Monday, February 20, 2012

Barney Frank and the cause of our budget impasse

Commenting on the Reform Act that extended voting rights beyond the middle class in England for the first time, Walter Bagehot noted that for many years the conduct of politicians had kept what he thought were its dangerous tendencies in check.

Thus he declared…a great responsibility rested on the new generation of statesmen.  They should avoid raising issues which would bind the poor together as a class, should not make them think that some new law could ensure their comfort or that the government possessed some inexhaustible fund from which all their wants could be supplied…’The wide gift of the elective franchise will be a great calamity to the whole nation, and to those who gain it as great a calamity as any…In plain English, what I fear is that both our political parties will bid for the support of the working man; that both of them will promise to do as he likes if he will only tell them what it is; that, as he now holds the casting vote in our affairs, both parties will beg and pray him to give that vote to them…I can conceive of nothing more corrupting or worse…  Vox populi will be Vox diaboli if worked in that manner.’”
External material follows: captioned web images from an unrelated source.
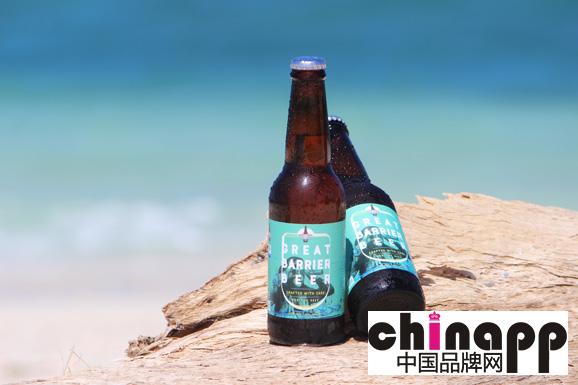 昆士兰保护大堡礁出奇招 啤酒众筹显功效3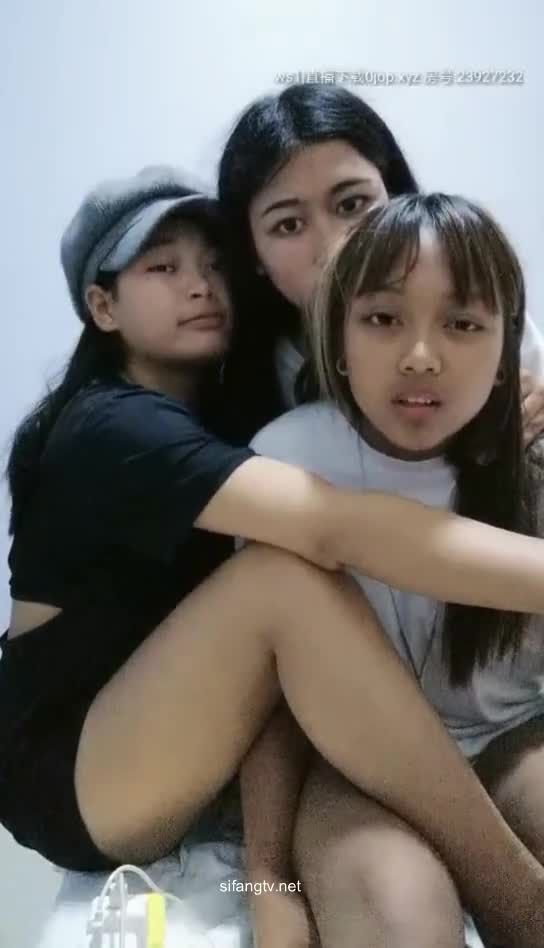 缅甸初中生姐妹花直播猥亵强奸童男视频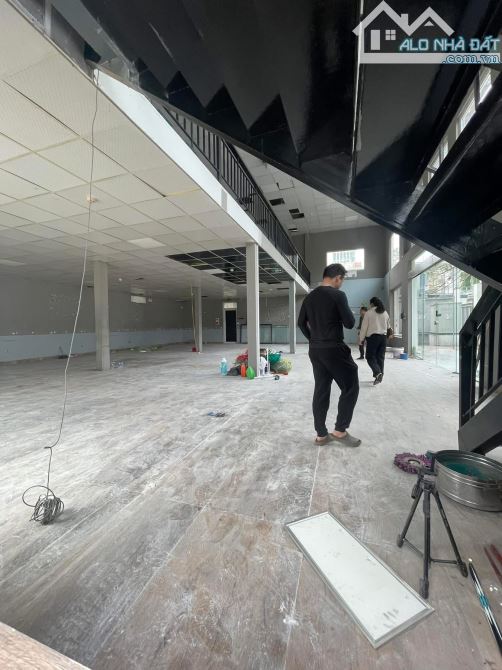 Cho thuê  kho xưởng 250m2 tại Sài Đồng! - 2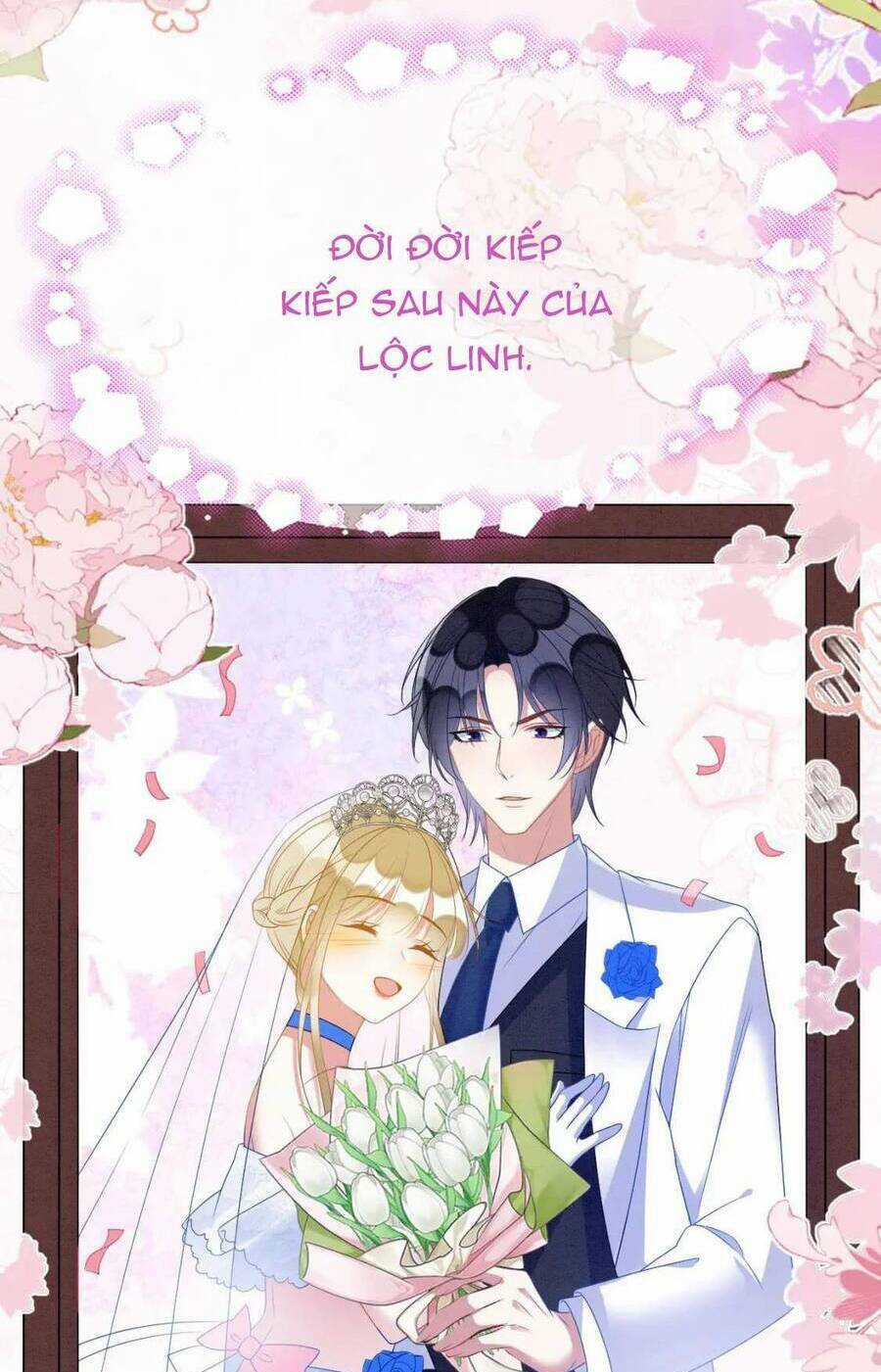 Được Chồng Rắn Siêu Sủng Khi Xuyên Qua Thú Thế Chapter 95 trang 54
It is amusing, given our current circumstances, to read the writer of the introduction, from which this came, proclaiming that “Bagehot’s gloomy prognostications have not been fulfilled.”  But that was 1966—although even by then it is doubtful whether Bagehot’s reading could be so easily dismissed in England-- and one might say, wait awhile.  Bagehot’s prediction was based on a sound reading of what was embedded in electoral reform, and its failure to fully assert itself didn’t mean the inclination could be dismissed.

Which is, perhaps, a too lengthy lead in to statements made by Barney Frank as relayed in a post on Contentions by Peter Wehner. http://www.commentarymagazine.com/2012/02/20/budget-public-congress-self-government/   On the current budget impasse Mr. Frank said:

“…the problem, at its core, is ‘indecision on the part of the voters.’ He pointed out that Congress is not an autonomous instrument that operates on its own; public opinion has a lot of influence. ‘The public has a question it has to resolve,’ according to Frank. ‘The public wants a certain level of government activity but it wants to provide a level of revenue that’s not enough for that activity.’ The main reason we have a budget deficit is there’s ‘a greater public demand for services than there is a willingness to pay the taxes.’”

Mr. Wehner and Barney Frank are correct that the voting public is complicit in this, I’ve said the same before, but Frank is being disingenuous as well, gliding over his own rather marked complicity in this state of affairs.  Barney Frank’s entire career has been devoted to the cause of convincing voters that they should demand more services and that there was always somebody else willing to pay for it.  Nobody has been less statesmen, more Vox diaboli than Barney Frank.